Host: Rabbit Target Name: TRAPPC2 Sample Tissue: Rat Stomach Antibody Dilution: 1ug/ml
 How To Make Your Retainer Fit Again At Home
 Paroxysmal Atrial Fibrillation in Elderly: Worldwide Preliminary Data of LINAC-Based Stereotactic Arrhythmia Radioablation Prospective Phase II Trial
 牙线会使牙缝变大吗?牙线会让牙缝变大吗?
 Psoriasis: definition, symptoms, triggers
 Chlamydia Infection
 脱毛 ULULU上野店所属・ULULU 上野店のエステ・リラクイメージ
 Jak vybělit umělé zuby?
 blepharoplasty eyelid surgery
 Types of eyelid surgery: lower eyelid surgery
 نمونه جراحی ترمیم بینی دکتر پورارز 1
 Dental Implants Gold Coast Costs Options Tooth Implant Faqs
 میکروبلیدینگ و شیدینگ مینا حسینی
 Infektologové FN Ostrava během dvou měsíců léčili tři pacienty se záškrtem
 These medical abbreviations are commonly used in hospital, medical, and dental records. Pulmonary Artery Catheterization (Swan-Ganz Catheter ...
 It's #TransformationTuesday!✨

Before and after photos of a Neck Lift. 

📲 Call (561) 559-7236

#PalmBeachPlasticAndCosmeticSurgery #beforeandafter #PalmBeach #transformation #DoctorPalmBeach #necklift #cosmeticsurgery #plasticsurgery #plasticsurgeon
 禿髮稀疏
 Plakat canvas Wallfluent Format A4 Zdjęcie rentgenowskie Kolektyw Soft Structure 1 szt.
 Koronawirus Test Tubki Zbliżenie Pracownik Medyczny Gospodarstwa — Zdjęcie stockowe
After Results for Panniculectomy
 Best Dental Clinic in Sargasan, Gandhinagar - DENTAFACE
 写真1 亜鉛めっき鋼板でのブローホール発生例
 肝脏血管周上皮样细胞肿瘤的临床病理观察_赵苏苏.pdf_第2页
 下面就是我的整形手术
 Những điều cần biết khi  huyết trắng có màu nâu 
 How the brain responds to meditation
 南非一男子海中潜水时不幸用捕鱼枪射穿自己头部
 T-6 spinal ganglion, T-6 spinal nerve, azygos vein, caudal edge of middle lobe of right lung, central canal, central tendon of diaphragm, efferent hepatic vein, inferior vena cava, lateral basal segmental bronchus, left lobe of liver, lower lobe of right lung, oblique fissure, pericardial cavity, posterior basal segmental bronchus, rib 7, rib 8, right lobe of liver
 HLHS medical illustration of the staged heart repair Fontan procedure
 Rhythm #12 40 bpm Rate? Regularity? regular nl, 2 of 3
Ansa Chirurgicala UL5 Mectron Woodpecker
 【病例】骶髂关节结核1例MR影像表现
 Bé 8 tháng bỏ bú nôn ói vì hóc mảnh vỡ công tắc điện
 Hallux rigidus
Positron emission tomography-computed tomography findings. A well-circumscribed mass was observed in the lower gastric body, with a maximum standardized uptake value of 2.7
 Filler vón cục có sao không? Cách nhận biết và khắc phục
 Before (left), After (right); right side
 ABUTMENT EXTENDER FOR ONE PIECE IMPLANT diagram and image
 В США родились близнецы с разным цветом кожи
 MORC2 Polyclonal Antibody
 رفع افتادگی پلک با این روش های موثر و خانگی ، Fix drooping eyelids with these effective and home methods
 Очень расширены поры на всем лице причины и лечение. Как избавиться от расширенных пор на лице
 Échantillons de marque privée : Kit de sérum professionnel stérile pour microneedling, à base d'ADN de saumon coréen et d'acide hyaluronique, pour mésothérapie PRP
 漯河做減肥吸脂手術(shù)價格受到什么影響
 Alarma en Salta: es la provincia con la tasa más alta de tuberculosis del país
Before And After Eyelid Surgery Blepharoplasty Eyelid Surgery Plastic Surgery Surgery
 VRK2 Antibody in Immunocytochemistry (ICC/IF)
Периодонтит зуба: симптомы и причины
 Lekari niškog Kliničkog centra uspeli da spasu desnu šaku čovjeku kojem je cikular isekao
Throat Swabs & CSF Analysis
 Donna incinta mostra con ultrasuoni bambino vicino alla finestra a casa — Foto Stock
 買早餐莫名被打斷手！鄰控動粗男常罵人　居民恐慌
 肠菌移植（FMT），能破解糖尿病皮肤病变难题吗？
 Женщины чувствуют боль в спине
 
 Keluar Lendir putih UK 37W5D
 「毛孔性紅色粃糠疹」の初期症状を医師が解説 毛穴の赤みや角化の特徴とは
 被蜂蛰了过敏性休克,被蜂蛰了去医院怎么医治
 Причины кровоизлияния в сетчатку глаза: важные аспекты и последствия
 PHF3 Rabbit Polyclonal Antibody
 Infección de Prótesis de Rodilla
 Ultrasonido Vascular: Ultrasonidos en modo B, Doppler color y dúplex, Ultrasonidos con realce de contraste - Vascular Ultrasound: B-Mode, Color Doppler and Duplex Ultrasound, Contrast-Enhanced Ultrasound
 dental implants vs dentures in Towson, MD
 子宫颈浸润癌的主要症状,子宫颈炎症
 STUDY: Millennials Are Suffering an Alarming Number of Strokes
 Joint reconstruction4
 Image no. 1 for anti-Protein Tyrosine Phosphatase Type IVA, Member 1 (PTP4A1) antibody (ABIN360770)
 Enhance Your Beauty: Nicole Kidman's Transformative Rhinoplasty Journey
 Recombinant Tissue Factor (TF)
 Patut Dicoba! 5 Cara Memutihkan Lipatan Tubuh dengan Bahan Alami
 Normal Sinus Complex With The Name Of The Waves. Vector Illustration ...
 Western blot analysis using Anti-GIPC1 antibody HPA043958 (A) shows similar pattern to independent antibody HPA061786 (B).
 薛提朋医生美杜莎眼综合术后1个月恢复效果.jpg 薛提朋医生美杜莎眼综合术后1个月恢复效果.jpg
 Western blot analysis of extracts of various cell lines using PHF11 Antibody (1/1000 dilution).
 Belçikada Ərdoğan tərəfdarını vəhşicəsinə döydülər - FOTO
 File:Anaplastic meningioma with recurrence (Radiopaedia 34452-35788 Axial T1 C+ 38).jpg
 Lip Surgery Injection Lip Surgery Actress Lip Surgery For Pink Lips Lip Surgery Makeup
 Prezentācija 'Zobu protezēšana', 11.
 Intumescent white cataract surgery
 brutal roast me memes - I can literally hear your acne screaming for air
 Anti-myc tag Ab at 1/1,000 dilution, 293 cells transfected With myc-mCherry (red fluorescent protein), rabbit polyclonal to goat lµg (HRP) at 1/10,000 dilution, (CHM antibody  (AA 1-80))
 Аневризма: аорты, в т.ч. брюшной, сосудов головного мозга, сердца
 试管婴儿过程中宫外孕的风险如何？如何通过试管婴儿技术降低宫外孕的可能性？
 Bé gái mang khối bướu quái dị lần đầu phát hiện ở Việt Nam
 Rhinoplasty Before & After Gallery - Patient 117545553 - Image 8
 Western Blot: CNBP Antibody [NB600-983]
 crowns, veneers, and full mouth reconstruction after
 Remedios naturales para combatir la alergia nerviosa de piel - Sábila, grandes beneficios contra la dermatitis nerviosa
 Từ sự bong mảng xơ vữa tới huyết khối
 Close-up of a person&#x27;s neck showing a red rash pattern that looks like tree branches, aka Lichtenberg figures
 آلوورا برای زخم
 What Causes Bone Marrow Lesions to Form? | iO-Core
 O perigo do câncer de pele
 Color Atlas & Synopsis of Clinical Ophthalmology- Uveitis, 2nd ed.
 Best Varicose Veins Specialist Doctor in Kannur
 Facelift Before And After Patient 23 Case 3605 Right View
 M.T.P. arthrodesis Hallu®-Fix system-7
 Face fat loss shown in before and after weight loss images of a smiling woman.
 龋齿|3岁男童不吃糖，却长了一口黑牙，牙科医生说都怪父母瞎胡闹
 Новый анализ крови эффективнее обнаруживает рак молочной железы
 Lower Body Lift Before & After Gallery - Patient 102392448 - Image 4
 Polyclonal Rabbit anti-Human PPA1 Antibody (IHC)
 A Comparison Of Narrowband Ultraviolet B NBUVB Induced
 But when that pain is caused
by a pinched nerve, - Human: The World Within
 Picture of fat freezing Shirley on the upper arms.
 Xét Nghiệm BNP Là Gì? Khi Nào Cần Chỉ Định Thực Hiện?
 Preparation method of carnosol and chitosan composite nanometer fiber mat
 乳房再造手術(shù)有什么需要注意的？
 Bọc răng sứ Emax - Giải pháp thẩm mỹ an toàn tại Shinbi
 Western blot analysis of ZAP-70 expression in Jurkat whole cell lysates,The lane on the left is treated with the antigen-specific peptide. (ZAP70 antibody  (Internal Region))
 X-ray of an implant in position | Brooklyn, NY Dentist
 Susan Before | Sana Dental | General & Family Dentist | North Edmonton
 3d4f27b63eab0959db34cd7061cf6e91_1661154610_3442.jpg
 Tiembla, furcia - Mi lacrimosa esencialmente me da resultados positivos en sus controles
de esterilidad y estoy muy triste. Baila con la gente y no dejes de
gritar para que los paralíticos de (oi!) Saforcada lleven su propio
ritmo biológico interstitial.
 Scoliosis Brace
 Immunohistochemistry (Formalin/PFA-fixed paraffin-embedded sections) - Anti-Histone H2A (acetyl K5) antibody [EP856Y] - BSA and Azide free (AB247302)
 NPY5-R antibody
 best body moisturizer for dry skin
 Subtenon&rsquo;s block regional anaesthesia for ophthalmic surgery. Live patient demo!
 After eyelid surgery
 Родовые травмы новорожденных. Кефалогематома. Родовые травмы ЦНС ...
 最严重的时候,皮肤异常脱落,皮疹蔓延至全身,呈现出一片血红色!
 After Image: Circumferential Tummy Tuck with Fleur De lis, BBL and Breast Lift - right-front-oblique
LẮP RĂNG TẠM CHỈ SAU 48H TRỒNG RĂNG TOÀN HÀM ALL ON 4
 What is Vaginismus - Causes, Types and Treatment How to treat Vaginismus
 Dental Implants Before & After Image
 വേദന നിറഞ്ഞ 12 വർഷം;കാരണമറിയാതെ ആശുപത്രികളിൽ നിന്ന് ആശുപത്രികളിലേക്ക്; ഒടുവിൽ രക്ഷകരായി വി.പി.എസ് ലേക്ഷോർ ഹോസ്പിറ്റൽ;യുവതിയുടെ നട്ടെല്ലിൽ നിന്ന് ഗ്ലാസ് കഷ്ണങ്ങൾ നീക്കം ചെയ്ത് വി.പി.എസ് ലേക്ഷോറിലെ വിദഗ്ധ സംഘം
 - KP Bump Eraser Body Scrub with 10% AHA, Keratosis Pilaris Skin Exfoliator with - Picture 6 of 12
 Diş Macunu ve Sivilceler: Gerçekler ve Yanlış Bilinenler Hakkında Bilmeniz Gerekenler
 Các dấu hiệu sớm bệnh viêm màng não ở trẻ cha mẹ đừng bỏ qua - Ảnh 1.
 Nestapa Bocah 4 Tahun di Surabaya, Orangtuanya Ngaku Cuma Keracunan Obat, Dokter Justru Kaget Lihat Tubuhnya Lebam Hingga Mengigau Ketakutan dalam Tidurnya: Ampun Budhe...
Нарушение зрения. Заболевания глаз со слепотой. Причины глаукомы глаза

▸ **ASSIGNMENT**:
Retype exactly, and only, the lines above from the one where "В США родились близнецы с разным цветом кожи" occurs up to and including the one where "Image no. 1" occurs.

▸ **SOLUTION TO THE EXERCISE**:
 В США родились близнецы с разным цветом кожи
 MORC2 Polyclonal Antibody
 رفع افتادگی پلک با این روش های موثر و خانگی ، Fix drooping eyelids with these effective and home methods
 Очень расширены поры на всем лице причины и лечение. Как избавиться от расширенных пор на лице
 Échantillons de marque privée : Kit de sérum professionnel stérile pour microneedling, à base d'ADN de saumon coréen et d'acide hyaluronique, pour mésothérapie PRP
 漯河做減肥吸脂手術(shù)價格受到什么影響
 Alarma en Salta: es la provincia con la tasa más alta de tuberculosis del país
Before And After Eyelid Surgery Blepharoplasty Eyelid Surgery Plastic Surgery Surgery
 VRK2 Antibody in Immunocytochemistry (ICC/IF)
Периодонтит зуба: симптомы и причины
 Lekari niškog Kliničkog centra uspeli da spasu desnu šaku čovjeku kojem je cikular isekao
Throat Swabs & CSF Analysis
 Donna incinta mostra con ultrasuoni bambino vicino alla finestra a casa — Foto Stock
 買早餐莫名被打斷手！鄰控動粗男常罵人　居民恐慌
 肠菌移植（FMT），能破解糖尿病皮肤病变难题吗？
 Женщины чувствуют боль в спине
 
 Keluar Lendir putih UK 37W5D
 「毛孔性紅色粃糠疹」の初期症状を医師が解説 毛穴の赤みや角化の特徴とは
 被蜂蛰了过敏性休克,被蜂蛰了去医院怎么医治
 Причины кровоизлияния в сетчатку глаза: важные аспекты и последствия
 PHF3 Rabbit Polyclonal Antibody
 Infección de Prótesis de Rodilla
 Ultrasonido Vascular: Ultrasonidos en modo B, Doppler color y dúplex, Ultrasonidos con realce de contraste - Vascular Ultrasound: B-Mode, Color Doppler and Duplex Ultrasound, Contrast-Enhanced Ultrasound
 dental implants vs dentures in Towson, MD
 子宫颈浸润癌的主要症状,子宫颈炎症
 STUDY: Millennials Are Suffering an Alarming Number of Strokes
 Joint reconstruction4
 Image no. 1 for anti-Protein Tyrosine Phosphatase Type IVA, Member 1 (PTP4A1) antibody (ABIN360770)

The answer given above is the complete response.